On 9th June 2023, the US, with Australia, Canada, Japan, New Zealand, and the United Kingdom issued a statement that began with the sentence: “The use of trade-related economic coercion and non-market-oriented policies and practices threatens and undermines the rules-based multilateral trading system and harms relations between countries”.
Less than six months later, however, on 1st November, the US announced a plan to delist Gabon, Niger, Uganda, and Central African Republic (CAR) from a special trade scheme it has with up to 35 African countries known as the Africa Growth and Opportunity Act (AGOA). The announcement came a day before the start of the 2023 AGOA forum in South Africa, designed to discuss a potential renewal of AGOA from 2025 onwards. By blacklisting these countries the US was using AGOA as a stick, a tool of economic coercion to achieve political objectives. The problem is, not only was this hypocritical but AGOA has never been a big enough economic carrot. Both these factors – if not addressed – pose major challenges to US foreign policy going forward.

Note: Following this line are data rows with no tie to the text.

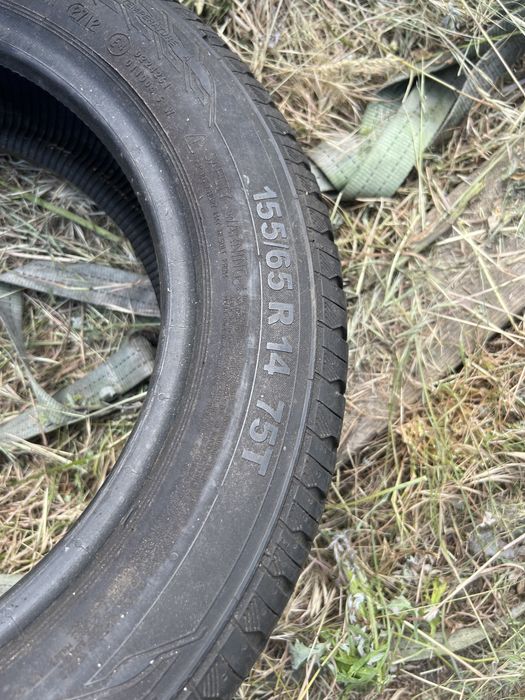 Opony Continental 155/65 R14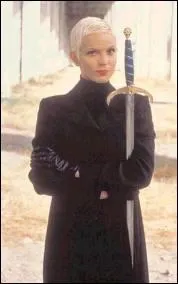 Quelle est cette srie ?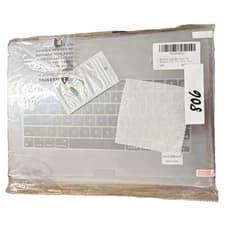 Clear Dustproof Laptop Keyboard Protector 15.3 for Apple MacBook Pro A2442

AGOA has grown limited African exports
Since its inception in 2000, the innovative trade scheme AGOA has offered preferential market access opportunity for eligible African countries, and for an extensive range of products including manufactured items, not just commodities. For these reasons, and especially before the introduction of the African Continental Free Trade Area (AfCFTA), it is an excellent scheme in principle, and can even be seen as a model for other development partners.
However, for various reasons, two decades later, much of AGOA’s success has been concentrated in a few countries and a few industries and sectors. For instance, Kenya and Lesotho boast some of the highest AGOA utilization rates: the share of their exports to the U.S. that qualify for zero-tariff treatment is 88 per cent for Kenya, and as high as 99 per cent for Lesotho. However, both nations’ exports to the U.S. were mostly apparel items.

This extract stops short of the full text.